Kajian yang lebih mutakhir
dengan menggunakan teknik diperbaharui kadang-kadang menunjukkan bahwa beberapa
bakteri dapat dibiakkan dari sinus paranasal yang sehat. Walaupun mungkin ada
beberapa mikroorganisme hadir dalam sinus normal, namun kemunculan itu sangat
kecil (minimal), dan sifat dinamis epitel sinus yang aktif dan lapisan mucus
yang terus menerus bergerak dapat
mencegah kolonisasi yang signifikan
Mukosa dari sinus adalah suscetible terhadap infeksi, alergi, dan penyakit
neoplastik. Penyakit radang sinus, seperti infeksi atau reaksi alergi,
menyebabkan hiperplasia dan hipertrofi dari mukosa dan dapat menyebabkan
terhalangnya ostium. Jika obstium menjadi terhambat, lendir yang dihasilkan
oleh lapisan sel-sel sekretoris sinus dikumpulkan dalam waktu lama. Bakteri
berlebih kemudian mungkin mengakibatkan infeksi yang ditandai dengan
gejala-gejala sinusitis, serta perubahan radiografipun dapat dilihat pada
kondisi ini.
Ketika peradangan berkembang di salah satu sinus paranasal, baik
diesebabkan oleh infeksi atau alergi, kondisi ini disebut sebagai sinusitis.

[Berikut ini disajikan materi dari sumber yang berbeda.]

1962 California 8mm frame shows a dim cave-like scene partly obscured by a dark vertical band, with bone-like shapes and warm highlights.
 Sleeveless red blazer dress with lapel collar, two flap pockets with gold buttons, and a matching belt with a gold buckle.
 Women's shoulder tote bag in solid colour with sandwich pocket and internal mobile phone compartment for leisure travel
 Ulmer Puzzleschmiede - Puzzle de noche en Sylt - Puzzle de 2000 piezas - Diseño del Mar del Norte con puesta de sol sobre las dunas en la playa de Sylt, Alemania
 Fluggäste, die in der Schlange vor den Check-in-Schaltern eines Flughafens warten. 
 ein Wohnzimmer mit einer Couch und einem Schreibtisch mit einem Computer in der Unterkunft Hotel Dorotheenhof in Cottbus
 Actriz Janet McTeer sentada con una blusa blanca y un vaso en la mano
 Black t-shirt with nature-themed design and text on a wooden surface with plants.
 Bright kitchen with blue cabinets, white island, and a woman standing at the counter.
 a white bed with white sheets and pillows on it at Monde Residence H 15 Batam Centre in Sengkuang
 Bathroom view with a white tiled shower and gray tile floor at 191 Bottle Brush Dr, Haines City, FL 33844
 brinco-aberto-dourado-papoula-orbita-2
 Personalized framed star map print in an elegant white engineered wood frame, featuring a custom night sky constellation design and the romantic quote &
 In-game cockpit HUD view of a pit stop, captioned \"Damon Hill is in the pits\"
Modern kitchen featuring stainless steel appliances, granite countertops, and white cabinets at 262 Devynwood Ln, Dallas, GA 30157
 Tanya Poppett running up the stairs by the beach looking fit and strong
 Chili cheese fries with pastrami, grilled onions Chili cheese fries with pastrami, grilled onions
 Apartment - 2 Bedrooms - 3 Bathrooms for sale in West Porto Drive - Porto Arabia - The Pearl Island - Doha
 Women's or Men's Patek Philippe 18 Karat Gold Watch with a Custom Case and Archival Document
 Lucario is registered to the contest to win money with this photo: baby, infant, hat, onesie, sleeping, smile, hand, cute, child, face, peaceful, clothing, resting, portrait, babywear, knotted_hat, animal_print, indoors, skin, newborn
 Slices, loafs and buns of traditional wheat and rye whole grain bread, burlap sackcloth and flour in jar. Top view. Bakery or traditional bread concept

Peradangan sebagian besar atau seluruh sinus paranasal secara simultan, dikenal
sebagai pansinusitis dan biasanya disebabkan oleh infeksi. Kondisi serupa dari
sinus individu yang diketahui, misalnya, sebagai berkenaan dgn rahang atas atau
frontal sinusitis.
Maxillary sinusitis yang akut bisa terjadi pada usia
berapa pun. Biasanya Pada tahap Awal, pasien akan lebih sensitive terhadap
tekanan, rasa sakit, dan / atau sesak di sekitar sinus yang terinfeksi.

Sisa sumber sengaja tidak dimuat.